Ein Kind verschiebt den Blick auf Rituale, Mythen, auf zauberhafte Wesen und vorgestellte Welten: Ob Felix, der Hase, Lilifee oder Nikolaus, kindlicher Personenkult ist zugleich faszinierend und schwer erträglich. Dies als Erwachsener fördern zu sollen bzw. sich darauf einzulassen, zählt zu den großen elterlichen Herausforderungen. Zumal, wenn das bedeutet, den eigenen Rationalitätsreflex zu zähmen.
Das Zusammenleben mit dem Kind funktioniert jedoch nur so. Ich muss mich ohne zu zögern dieser kindlichen Wirklichkeit hingeben – oder ich habe verloren. Es vereinfacht ja das Leben auch ungemein, wenn ich nicht mehr zwischen lebendig und nicht lebendig unterscheiden muss. Nicht mehr zwischen vorgestellt und vorgefunden. Nicht mehr zwischen Wesen aus Fleisch und Blut und Fabelwesen.
Interessant dabei ist die Figur des Nikolaus‘ oder des Weihnachtsmannes: Die Erwachsenen inszenieren sie für die Kinder, um ihnen einen Beleg zu liefern, dass die Fabelwesen existieren – und um deren Wirkmächtigkeit zu steigern und zu verlängern. Wenn diese Figuren nie aufträten, kämen die Zweifel an deren Existenz wohl deutlich früher.
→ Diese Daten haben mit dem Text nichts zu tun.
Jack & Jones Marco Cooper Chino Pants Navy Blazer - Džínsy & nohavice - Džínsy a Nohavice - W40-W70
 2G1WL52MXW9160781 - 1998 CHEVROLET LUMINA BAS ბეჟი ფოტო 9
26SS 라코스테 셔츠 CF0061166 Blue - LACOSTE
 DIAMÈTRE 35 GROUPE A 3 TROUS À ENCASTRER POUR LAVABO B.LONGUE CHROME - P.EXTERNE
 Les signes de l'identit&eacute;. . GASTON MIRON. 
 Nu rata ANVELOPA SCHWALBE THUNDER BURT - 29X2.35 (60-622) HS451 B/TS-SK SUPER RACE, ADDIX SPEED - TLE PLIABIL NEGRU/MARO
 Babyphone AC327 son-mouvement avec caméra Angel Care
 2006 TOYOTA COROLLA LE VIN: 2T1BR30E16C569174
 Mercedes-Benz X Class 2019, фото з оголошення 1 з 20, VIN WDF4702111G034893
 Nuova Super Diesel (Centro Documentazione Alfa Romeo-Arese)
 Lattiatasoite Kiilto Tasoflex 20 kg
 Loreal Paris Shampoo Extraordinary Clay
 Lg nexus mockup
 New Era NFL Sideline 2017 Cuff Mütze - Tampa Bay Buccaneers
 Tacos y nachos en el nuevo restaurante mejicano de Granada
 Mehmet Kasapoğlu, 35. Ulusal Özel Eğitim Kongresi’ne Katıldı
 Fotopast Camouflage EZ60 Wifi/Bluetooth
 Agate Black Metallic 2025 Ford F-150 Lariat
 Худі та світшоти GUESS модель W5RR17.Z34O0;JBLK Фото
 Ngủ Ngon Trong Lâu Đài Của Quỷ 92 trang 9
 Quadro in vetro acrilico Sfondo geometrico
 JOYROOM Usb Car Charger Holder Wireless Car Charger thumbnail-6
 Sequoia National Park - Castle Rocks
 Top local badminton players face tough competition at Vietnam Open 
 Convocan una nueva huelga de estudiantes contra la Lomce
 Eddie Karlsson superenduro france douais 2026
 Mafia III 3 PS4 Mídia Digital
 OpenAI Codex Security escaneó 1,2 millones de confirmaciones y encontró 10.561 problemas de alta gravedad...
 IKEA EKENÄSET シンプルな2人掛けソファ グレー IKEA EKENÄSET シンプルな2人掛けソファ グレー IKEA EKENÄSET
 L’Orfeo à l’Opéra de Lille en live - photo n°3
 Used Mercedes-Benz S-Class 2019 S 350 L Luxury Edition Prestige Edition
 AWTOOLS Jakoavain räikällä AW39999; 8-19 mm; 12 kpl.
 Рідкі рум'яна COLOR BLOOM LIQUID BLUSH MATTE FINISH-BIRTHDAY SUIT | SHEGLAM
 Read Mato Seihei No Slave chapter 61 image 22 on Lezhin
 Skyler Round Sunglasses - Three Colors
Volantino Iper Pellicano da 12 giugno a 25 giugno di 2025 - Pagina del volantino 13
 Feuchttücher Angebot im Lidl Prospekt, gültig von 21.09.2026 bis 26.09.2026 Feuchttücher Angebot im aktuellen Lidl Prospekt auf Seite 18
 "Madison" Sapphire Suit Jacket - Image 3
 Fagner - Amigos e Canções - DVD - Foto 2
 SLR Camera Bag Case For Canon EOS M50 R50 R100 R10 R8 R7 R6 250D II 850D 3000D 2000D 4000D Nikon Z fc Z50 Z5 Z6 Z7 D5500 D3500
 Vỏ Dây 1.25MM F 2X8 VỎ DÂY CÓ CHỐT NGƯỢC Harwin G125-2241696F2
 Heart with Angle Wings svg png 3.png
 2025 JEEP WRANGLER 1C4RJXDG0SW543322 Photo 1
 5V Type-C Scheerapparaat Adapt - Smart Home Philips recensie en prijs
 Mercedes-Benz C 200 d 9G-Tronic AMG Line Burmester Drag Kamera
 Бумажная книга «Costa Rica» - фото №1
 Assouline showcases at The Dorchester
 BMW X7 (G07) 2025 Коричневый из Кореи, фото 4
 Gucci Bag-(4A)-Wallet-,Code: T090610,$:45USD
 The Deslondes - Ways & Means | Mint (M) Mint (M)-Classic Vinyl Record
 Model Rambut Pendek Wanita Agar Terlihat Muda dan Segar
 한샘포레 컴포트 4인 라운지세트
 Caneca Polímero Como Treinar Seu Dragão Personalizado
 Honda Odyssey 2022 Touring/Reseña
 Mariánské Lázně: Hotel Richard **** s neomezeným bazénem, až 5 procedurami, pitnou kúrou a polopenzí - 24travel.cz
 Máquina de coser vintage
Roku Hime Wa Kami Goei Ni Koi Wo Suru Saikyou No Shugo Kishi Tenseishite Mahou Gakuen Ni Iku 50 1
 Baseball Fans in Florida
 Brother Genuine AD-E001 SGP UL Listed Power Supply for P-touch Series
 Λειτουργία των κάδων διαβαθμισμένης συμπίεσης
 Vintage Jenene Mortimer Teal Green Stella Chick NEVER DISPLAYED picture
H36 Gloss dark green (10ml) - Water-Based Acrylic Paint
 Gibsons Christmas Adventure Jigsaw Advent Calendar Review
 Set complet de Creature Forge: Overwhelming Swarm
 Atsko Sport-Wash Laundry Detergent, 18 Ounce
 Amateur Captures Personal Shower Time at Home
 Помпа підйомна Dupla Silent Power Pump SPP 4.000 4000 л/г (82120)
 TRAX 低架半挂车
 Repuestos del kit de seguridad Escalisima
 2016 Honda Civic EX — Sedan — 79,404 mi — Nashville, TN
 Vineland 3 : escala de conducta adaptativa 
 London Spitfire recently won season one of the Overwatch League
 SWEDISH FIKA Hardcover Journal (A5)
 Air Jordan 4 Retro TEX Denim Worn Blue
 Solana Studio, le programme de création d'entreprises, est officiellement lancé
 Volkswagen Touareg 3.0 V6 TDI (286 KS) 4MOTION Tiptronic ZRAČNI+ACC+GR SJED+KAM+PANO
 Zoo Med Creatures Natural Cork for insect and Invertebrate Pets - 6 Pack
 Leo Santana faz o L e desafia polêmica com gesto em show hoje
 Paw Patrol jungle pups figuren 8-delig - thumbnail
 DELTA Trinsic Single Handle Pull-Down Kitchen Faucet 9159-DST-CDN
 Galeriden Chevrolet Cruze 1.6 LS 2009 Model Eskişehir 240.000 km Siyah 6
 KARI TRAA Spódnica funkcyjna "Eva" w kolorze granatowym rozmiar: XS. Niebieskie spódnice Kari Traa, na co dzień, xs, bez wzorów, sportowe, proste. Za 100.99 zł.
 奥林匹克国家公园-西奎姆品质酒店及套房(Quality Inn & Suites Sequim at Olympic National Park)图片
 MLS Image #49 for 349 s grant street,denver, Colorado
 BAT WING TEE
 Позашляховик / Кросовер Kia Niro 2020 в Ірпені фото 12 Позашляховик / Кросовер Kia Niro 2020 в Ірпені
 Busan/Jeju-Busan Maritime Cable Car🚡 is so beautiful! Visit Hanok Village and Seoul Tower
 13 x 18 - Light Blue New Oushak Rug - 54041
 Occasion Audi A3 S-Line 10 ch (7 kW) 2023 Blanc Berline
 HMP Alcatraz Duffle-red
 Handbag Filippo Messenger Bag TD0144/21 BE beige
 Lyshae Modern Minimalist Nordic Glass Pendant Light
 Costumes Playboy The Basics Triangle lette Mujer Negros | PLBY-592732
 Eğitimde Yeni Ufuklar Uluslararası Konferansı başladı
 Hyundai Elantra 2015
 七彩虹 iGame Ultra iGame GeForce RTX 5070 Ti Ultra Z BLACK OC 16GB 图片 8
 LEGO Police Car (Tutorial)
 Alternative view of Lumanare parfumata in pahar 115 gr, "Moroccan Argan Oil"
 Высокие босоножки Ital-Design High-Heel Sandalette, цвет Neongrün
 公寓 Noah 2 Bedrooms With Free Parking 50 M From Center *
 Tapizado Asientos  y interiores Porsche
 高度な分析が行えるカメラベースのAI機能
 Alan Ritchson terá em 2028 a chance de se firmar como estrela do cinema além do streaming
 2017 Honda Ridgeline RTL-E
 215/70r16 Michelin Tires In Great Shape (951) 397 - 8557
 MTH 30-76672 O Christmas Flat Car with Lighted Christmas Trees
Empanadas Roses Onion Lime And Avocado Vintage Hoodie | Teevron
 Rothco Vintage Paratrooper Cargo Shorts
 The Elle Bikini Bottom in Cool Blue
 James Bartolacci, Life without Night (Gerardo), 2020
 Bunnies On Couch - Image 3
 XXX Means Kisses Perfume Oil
Womöglich entwickelt sich in diesen kindlichen Tagen Religiosität. Ein Bezugssystem entsteht, wichtige Bezugsgrößen wie der Weihnachtsmann, der Osterhase oder das Christkind werden in den kindlichen Horizont eingeführt – und immer wieder aufs Neue inszeniert. Dabei wird das menschliche Bedürfnis nach Transzendenz zugleich geschaffen und wieder gestillt. So geraten wir auf unsere andauernde Suche nach einem Mehr, das Sinn stiftet. Auf die Sinnsuche nach mehr als dem, was sich im Leben einfach vorfinden lässt.